Born to Irish parents in Ashland, Pennsylvania, Hurst learned to fight at an early age. His father worked in the wholesale liquor business then purchased a horse and wagon to deliver coal. Young Tim was expected to help support the family and, as a youth, he picked slate for a local mining establishment. Rounds of fisticuffs were common among workers during lunch hours and Hurst was sometimes in the mix. His love of boxing led to multiple stints as a fight referee in the years that followed.

At twenty-two years of age, Hurst became a professional umpire in the Central Pennsylvania League. He called plays in the Southern League and Western Association before taking a job as manager of the Minneapolis Millers. The Millers came close to winning a championship on his watch, but Hurst failed to endear himself to club executives and ended up being replaced. In 1891, he joined the umpiring crew of the National League.

Hurst was well-suited to the rowdy days of early baseball. Hall of Fame arbiter Bill Klem recalled: “[Hurst] was so tough that if a ballplayer did not like one of his decisions and challenged him on the field, Tim would say ‘OK, we’ll stop the game and go right under the stands and settle it now.’”

With a reputation for making highly accurate decisions, Hurst had an interesting way of maintaining order behind the plate. “Never put a catcher out of a game,” he told a New York Herald reporter. “If the man in back of the bat is sassy and objects to your calling of balls and strikes, keep close behind him while doing your work and kick him every time he reaches out to catch a ball. After about the third kick, he’ll shut up.”

Sometimes Hurst’s feisty temperament led to amusing results. According to historian Fred Lieb, Hurst made a call that went against Cincinnati’s third baseman, Arlie Latham, one day. Latham tore off his glove and kicked it in protest. It landed at the feet of Hurst, who promptly kicked it right back to Latham. The festivities didn’t end there. According to Lieb: “taking turns, Arlie and Tim booted the glove all the way to the outfield fence.”

On a number of occasions, Hurst’s outbursts were less than entertaining. In 1897, he was arrested in Cincinnati after he picked up a beer stein that had been tossed onto the field by an angry fan and whipped it back into the stands.
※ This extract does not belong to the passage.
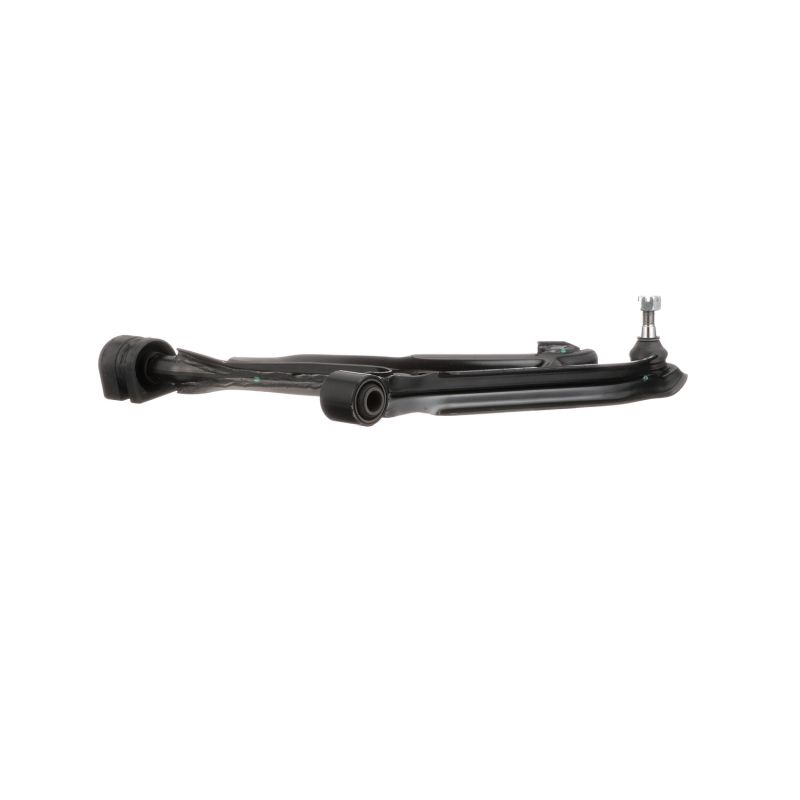 OEM 5450190J10 DELPHI Braccio oscillante, sospensione ruota TC776 per NISSAN, INFINITI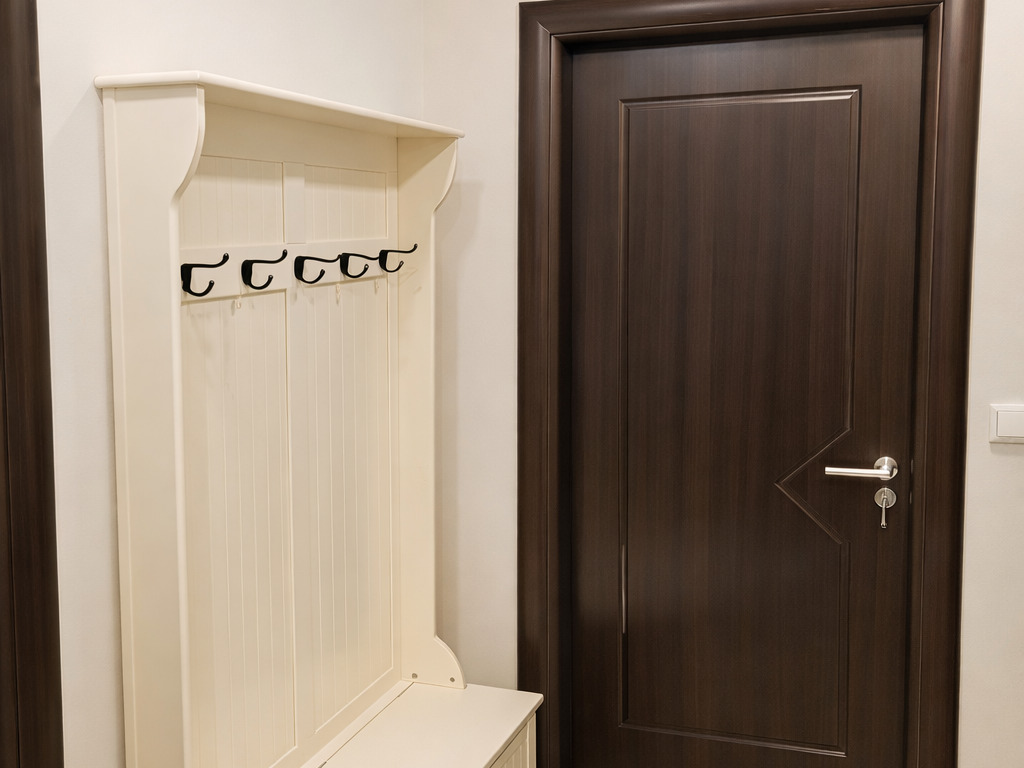 ���� ������������ ������� ������ | Imot.bg � ����������� 6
The projectile hit a local fireman named James Cartuyvelles, opening a deep gash over his eye. Several years later, Hurst got into a physical altercation with New York Highlanders manager Clark Griffith during an on-field dispute. Though Griffith denied being punched when questioned afterward, his swollen lip lent little credence to that claim. Both men were suspended for five games.
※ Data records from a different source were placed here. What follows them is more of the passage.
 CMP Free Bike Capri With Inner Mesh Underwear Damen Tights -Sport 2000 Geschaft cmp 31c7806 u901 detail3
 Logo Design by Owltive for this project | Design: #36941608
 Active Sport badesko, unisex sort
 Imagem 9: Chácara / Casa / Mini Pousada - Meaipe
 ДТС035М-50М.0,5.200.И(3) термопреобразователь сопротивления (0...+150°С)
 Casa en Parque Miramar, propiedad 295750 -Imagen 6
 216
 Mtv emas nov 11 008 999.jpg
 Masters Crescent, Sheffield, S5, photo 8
In addition to his violent outbursts, Hurst was known to generate prolific streams of profanity. In 1900, multiple NL owners requested that he be banned from their ballparks due to his “ungentlemanly language.” The final straw for Hurst came on August 3, 1909. During the second game of a doubleheader between the A’s and White Sox in Philadelphia, Hurst made an uncharacteristically erroneous call on Eddie Collins. Collins was evidently safe at second base, but Hurst ruled him out, believing there had been some sort of interference on the play. When Collins protested, Hurst resorted to reprehensible behavior. In the colorful language of Philadelphia North American sportswriter, Jimmy Isaminger: “…the umpire distributed a mouthful of moistened union-made tobacco in the direction of youthful Eddie, who immediately called Tim’s attention to the Board of Health ordinance which prohibits expectorating in public places.” Fans went ballistic, throwing cushions and bottles in Hurst’s direction after the game. It took police nearly half an hour to safely escort the embattled arbiter out of the stadium.
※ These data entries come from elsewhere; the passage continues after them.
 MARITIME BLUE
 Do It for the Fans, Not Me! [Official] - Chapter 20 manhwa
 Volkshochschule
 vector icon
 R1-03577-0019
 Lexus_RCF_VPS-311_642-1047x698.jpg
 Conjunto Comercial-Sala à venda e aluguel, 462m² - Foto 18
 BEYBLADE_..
After a full investigation of the spitting incident, Hurst was fired by AL President Ban Johnson. He had already tested Johnson’s patience earlier in the season when he traded punches with infielder Kid Elberfeld. Few sportswriters were terribly surprised by the outcome. A correspondent from The Sporting Life remarked: “Umpire Tim Hurst’s excessive pugnacity has at last landed him outside the major league breastworks—as had long been expected.”

Cast out of baseball, Hurst turned to other sports as a promoter. He later made a living selling real estate. In 1915, he died suddenly after a bout with food poisoning. He had been ill for some time before then though his condition was not considered terribly serious.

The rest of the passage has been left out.